Después sonó el teléfono. Era Ingrid.
—Te llamo para darte el número de Vanja.
Montalbano lo anotó. En lugar de despedirse, Ingrid le dijo:
—He hablado con ella.
—¿Cuándo?
—Antes de llamarte a ti. Ha sido una conversación muy larga.
—¿Quieres que nos veamos?
—Sí, es mejor. Tengo el coche, ya me lo han devuelto.
—Muy bien, así me cambiarás el vendaje. Reunámonos a la una en la
trattoria
San Calogero.
Había algo que no le gustaba en la voz de Ingrid, parecía intranquila.
Entre los dones que
u Signiruzzu
le había otorgado, la sueca poseía también el de la puntualidad. Entraron, y lo primero que vio el comisario fue una pareja sentada a una mesa para cuatro: Mimì y Beba. Augello se levantó de un salto. A pesar de ser dueño de un rostro más duro que el cemento, se había ruborizado ligeramente. Hizo un gesto para invitar a su mesa a Ingrid y al comisario. Se estaba repitiendo a la inversa la escena de unos cuantos días atrás.
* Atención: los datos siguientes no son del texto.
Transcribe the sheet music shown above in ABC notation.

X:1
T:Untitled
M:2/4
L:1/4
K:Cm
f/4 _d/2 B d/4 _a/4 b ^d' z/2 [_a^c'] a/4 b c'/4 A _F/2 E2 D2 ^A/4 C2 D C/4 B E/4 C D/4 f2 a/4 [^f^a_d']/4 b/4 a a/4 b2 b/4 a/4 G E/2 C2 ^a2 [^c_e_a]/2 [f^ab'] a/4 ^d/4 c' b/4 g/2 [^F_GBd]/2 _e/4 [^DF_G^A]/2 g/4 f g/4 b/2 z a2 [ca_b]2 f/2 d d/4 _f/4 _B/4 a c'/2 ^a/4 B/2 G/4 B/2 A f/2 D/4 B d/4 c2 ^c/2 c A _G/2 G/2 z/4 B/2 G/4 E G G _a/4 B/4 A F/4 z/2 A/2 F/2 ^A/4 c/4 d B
—No quisiéramos molestar... —dijo el muy hipócrita de Montalbano.
—¡No es ninguna molestia! —replicó el todavía más hipócrita Mimì.
Las mujeres se presentaron entre sí y se sonrieron. Una sonrisa sincera y cordial, que el comisario agradeció al cielo. Comer con dos mujeres que no se tenían simpatía tenía que ser una prueba muy difícil. Pero la aguda mirada de policía de Montalbano observó un detalle que lo preocupó: entre Mimì y Beatrice se advertía una especie de tensión. ¿O acaso su presencia los cohibía? Los cuatro pidieron lo mismo: unos entremeses de marisco y un plato gigante de pescado a la plancha. A medio comerse el lenguado, Montalbano comprendió que entre su subcomisario y Beba se debía de haber producido una pelea que quizá su llegada había interrumpido. ¡Jesús! Habría que procurar que los dos hicieran las paces antes de levantarse. Se estaba devanando los sesos en busca de una solución cuando vio cómo la mano de Beba se posaba suavemente sobre la de Mimì. Augello miró a la chica, la chica miró a Mimì. Por un instante, ambos se ahogaron el uno en los ojos del otro. ¡Paz! ¡Habían hecho las paces! Al comisario la comida le sentó mejor.